■ **Information provided**
○ ○ ○ ○ ○
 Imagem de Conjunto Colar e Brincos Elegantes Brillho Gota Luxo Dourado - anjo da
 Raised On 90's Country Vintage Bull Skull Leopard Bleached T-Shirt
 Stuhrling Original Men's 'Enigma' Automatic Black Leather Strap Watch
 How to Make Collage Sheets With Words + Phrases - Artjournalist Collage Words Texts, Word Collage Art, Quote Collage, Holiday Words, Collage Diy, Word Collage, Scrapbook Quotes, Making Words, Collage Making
○ ○ ○ ○ ○
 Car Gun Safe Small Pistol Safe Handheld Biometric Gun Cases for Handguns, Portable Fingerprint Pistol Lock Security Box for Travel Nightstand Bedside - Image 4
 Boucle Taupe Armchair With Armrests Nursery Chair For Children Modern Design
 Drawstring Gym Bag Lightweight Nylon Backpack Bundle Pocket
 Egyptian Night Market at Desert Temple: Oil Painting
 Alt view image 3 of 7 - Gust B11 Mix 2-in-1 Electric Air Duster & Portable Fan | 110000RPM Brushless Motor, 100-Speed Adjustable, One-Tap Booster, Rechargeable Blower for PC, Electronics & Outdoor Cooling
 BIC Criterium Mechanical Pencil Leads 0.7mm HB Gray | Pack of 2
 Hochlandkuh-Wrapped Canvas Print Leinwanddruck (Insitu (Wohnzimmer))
○ ○ ○ ○ ○
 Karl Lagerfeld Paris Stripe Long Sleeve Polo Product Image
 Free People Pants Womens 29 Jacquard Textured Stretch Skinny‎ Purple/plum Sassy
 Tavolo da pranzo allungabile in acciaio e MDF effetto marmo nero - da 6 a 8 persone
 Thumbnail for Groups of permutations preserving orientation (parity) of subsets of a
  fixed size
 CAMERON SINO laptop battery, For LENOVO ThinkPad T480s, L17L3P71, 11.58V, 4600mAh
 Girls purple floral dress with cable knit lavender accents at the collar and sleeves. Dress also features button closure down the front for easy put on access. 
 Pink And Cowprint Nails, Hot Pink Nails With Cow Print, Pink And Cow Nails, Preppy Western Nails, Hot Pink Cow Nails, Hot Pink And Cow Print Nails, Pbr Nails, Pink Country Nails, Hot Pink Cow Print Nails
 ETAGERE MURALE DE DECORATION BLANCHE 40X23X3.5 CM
○ ○ ○ ○ ○
■ **Directions for this task**
Print exactly the lines above, between the one holding "Egyptian Night Market" and the one holding "Alt view image", inclusive, and nothing besides.

■ **Result below**
 Egyptian Night Market at Desert Temple: Oil Painting
 Alt view image 3 of 7 - Gust B11 Mix 2-in-1 Electric Air Duster & Portable Fan | 110000RPM Brushless Motor, 100-Speed Adjustable, One-Tap Booster, Rechargeable Blower for PC, Electronics & Outdoor Cooling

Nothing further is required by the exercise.